With a recurring revenue model, your revenue is always growing off of a base. In fact, many RRM companies I know do not benchmark themselves monthly or quarterly off their overall revenue growth but off their percentage growth from their base. And as explained above, your expenses do not have to grow linearly.

Customer Service and Communication Differences

Supporting software customers is very different from working with consulting clients. This is one of the bigger lessons I’ve learned as I’ve grown Credo.

Consulting Communication

As a consultant, you must communicate with them via phone or email consistently. With my consulting clients, I try to speak with them on the phone or video conference at least once a week, and usually on email every day or two. I’m constantly communicating to them what I am doing and why, and with that also committing to deadlines and specific things that they need done.

This is what a great consultant does (communicates, delivers on time, does quality work based off their expertise), and this is necessary to running a successful consulting business.

Software Communication

Software is a bit different. As I think about what I do to keep in touch with Credo’s customers and how I communicate with them, there are three main things I do:

  1. Periodic update emails (at least monthly) to communicate with the whole base how the previous month went and what is planned for the upcoming month.
  2. Answering customer emails that have questions or are alerting me to issues with the platform. Clear communication here as to how to do something or what will be corrected is imperative.
  3. Talking on the phone to specific pros semi-often. I have a set of pros within Credo that have been with me for a long time who I trust and consider an incredibly important part of the business. If they have real concerns, I often hop on the phone with them.
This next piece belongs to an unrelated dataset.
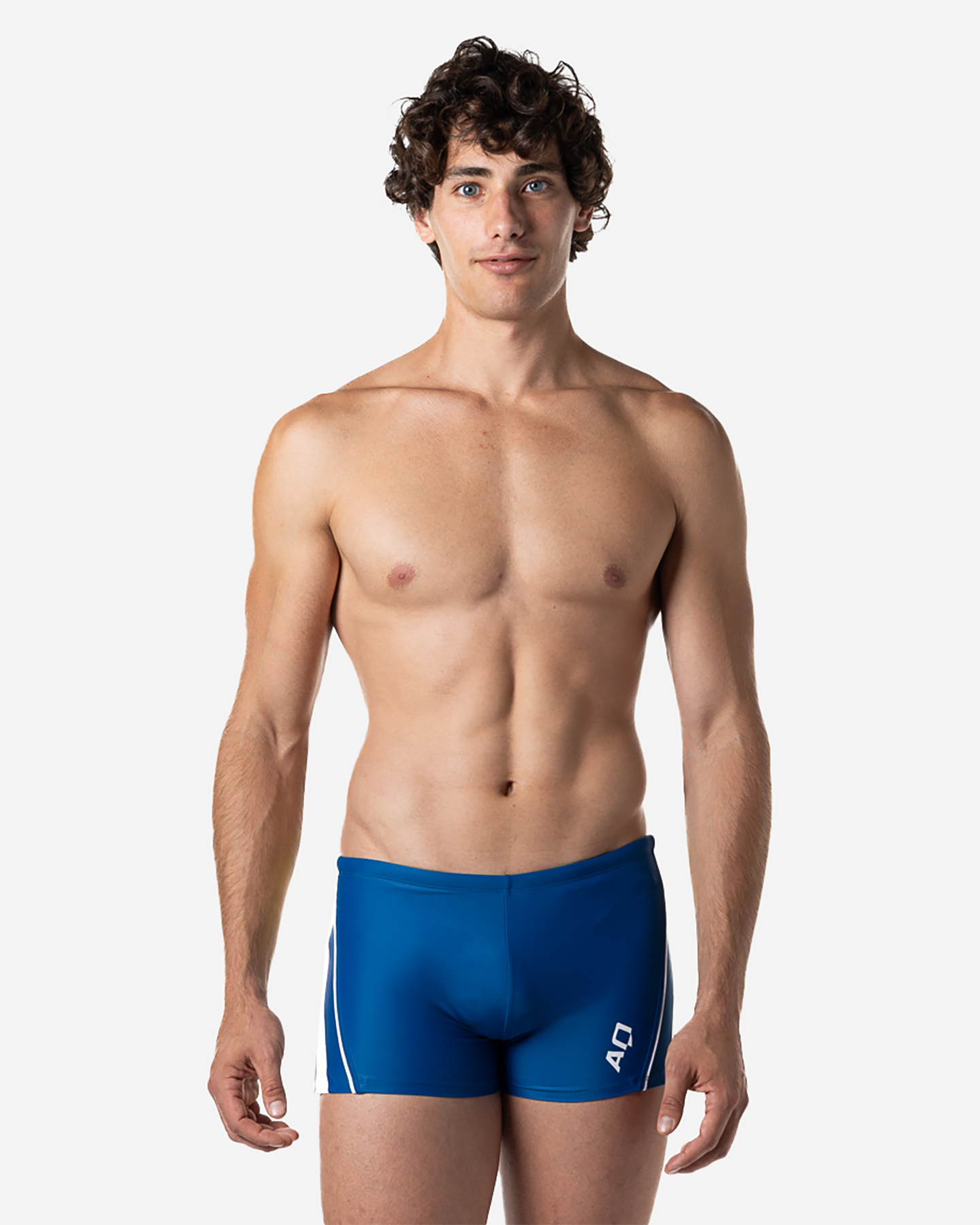 Short piscina AQUARAPID PAXTON M - Azzurro - 0 | Cisalfa Sport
Point 3 goes along with YC’s mantra of “build something people love” and you do that by finding at least 10 customers who are your promoters who are absolutely ecstatic about your product and company and thus will always promote you to others. Pay attention to them and their concerns first.

Let me also say that I *love* my consulting clients. My wife and I had a conversation the other day about how I should probably keep working with at least one consulting client at a time, and not just because it keeps me sharp. Working with and teaching others is important to me, and since I don’t have employees right now, consulting keeps a necessary balance in my life.
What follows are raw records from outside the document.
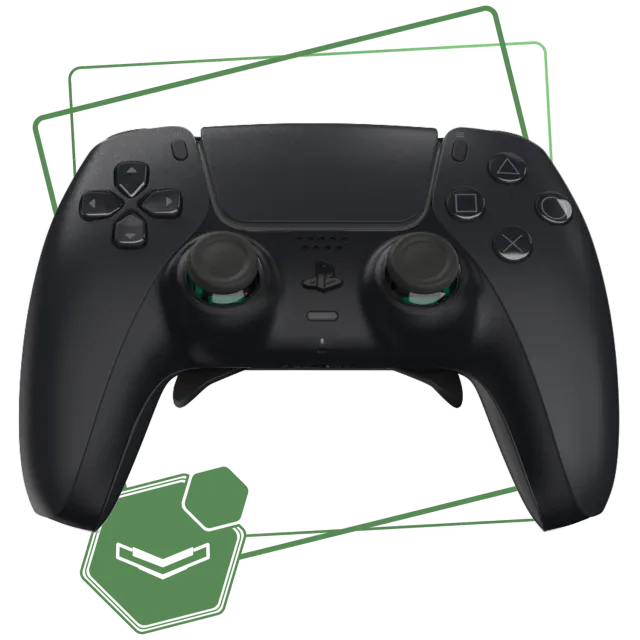 Burn Controllers Pack EVO pour manette PS5 DualSense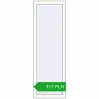 Pricing Tilt-and-Turn 500x1500 mm REHAU OPTIMUM EURO-DESIGN 70 RAL 9016 Traffic white two-sided. Price: 316.77 PLN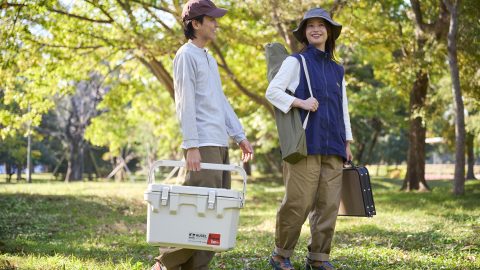 最大14日も保冷可能！ アイリスオーヤマの「HUGEL 真空断熱クーラーボックス」を詳細解説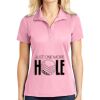 Ladies Micropique Sport Wick ® Polo Thumbnail
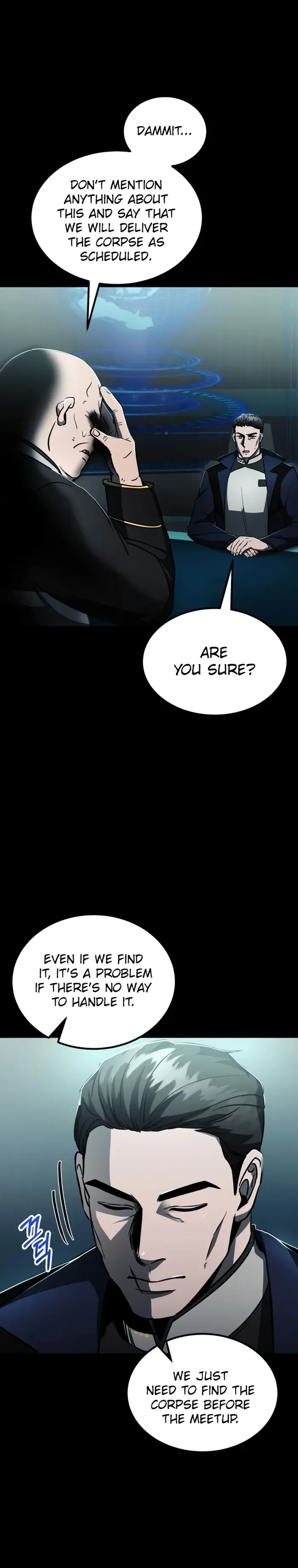 I became an evolving space monster Chapter 17 Online - página 17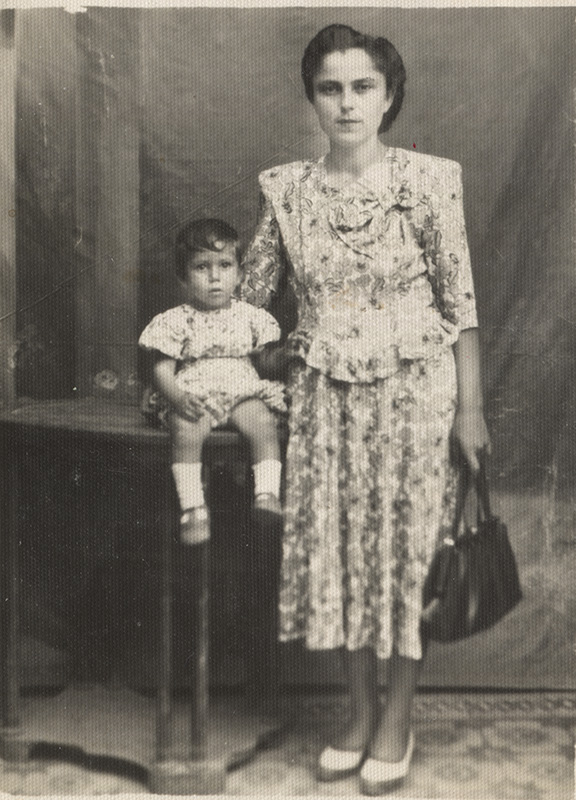 Restore Old Pictures- Yia Yia's Photo 12 restore old pictures 1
What about you? Why did you choose (or not choose) to start an agency? Looking back, would you do it again? Or do you want to do it in the future?

Leave your thoughts in the comments!

2 thoughts on “Why I’m Not Building A Search Marketing Agency

  1. Well said. I started off my career in the SMB space at Superpages.com, but once I got into SaaS I knew I was never going back. For all the reasons you stated above and more. The other area that you did not really cover, but that I am fascinated by, as incremental expansion revenue. This is only possible in SaaS.

    For example, in an agency if your client wants to double their SEM spend, well that means double the campaigns usually and hiring 1-2 more FTEs to cover the management (even if those are outsourced overseas). In SaaS if your business expands into current customers there is very little incremental expenses. You kind of outlined this with your chart showing rev vs. expense, actually.

    Cheers John.

  2. Some great points. I started my own search agency in 2014, about to undergo a rebrand, and it’s insanely time intensive to manage. The software approach for folks like yourself or say, Adhawk, makes a lot of sense. Wishing you all the best on your journey.